_Records provided:_
· · · · ·
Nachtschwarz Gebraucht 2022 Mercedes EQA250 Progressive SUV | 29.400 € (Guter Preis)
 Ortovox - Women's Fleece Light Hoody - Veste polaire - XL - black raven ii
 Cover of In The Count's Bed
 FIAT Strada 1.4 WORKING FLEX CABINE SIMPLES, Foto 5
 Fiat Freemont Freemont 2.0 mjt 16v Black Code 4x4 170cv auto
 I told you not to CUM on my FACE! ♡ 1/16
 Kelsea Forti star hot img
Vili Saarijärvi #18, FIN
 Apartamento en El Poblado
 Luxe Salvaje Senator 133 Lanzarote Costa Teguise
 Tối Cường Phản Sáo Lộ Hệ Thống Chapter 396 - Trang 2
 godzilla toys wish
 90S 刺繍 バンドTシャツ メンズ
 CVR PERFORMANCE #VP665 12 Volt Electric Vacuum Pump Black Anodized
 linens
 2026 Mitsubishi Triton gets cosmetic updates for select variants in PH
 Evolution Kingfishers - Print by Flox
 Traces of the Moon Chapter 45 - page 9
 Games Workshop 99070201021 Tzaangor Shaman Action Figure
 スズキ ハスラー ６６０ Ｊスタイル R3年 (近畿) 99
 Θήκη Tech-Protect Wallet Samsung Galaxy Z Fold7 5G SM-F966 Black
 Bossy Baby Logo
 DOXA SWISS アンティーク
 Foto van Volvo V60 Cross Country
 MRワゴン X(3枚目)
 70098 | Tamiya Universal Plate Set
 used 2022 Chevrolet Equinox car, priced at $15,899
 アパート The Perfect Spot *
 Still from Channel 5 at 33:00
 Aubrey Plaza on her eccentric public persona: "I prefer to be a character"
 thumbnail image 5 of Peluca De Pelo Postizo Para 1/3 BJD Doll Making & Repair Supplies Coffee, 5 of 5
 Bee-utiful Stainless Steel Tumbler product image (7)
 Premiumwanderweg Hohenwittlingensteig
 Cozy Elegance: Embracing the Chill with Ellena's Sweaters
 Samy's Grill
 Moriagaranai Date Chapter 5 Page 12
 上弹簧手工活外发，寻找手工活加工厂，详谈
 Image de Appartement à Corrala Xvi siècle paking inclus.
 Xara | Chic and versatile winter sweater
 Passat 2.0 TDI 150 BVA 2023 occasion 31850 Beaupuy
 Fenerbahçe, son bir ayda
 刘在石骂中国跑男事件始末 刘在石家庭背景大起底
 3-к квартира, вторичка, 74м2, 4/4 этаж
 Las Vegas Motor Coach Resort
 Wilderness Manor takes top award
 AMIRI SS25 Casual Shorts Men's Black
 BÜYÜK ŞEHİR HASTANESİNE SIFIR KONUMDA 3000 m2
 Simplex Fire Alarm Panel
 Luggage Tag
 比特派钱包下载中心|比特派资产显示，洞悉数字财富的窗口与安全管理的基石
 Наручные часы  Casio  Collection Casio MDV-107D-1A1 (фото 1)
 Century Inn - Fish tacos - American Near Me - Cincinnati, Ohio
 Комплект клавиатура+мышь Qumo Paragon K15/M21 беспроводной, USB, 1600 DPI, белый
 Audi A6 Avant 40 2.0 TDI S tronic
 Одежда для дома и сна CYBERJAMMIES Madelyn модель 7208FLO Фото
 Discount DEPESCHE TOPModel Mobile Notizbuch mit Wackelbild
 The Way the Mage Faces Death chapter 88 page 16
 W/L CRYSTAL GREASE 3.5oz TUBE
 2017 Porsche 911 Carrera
· · · · ·
_Description of the task:_ Reproduce precisely, and with no line left out, each line from the top of the entries through the line that carries "Fiat Freemont Freemont".

_Answer to the problem:_
Nachtschwarz Gebraucht 2022 Mercedes EQA250 Progressive SUV | 29.400 € (Guter Preis)
 Ortovox - Women's Fleece Light Hoody - Veste polaire - XL - black raven ii
 Cover of In The Count's Bed
 FIAT Strada 1.4 WORKING FLEX CABINE SIMPLES, Foto 5
 Fiat Freemont Freemont 2.0 mjt 16v Black Code 4x4 170cv auto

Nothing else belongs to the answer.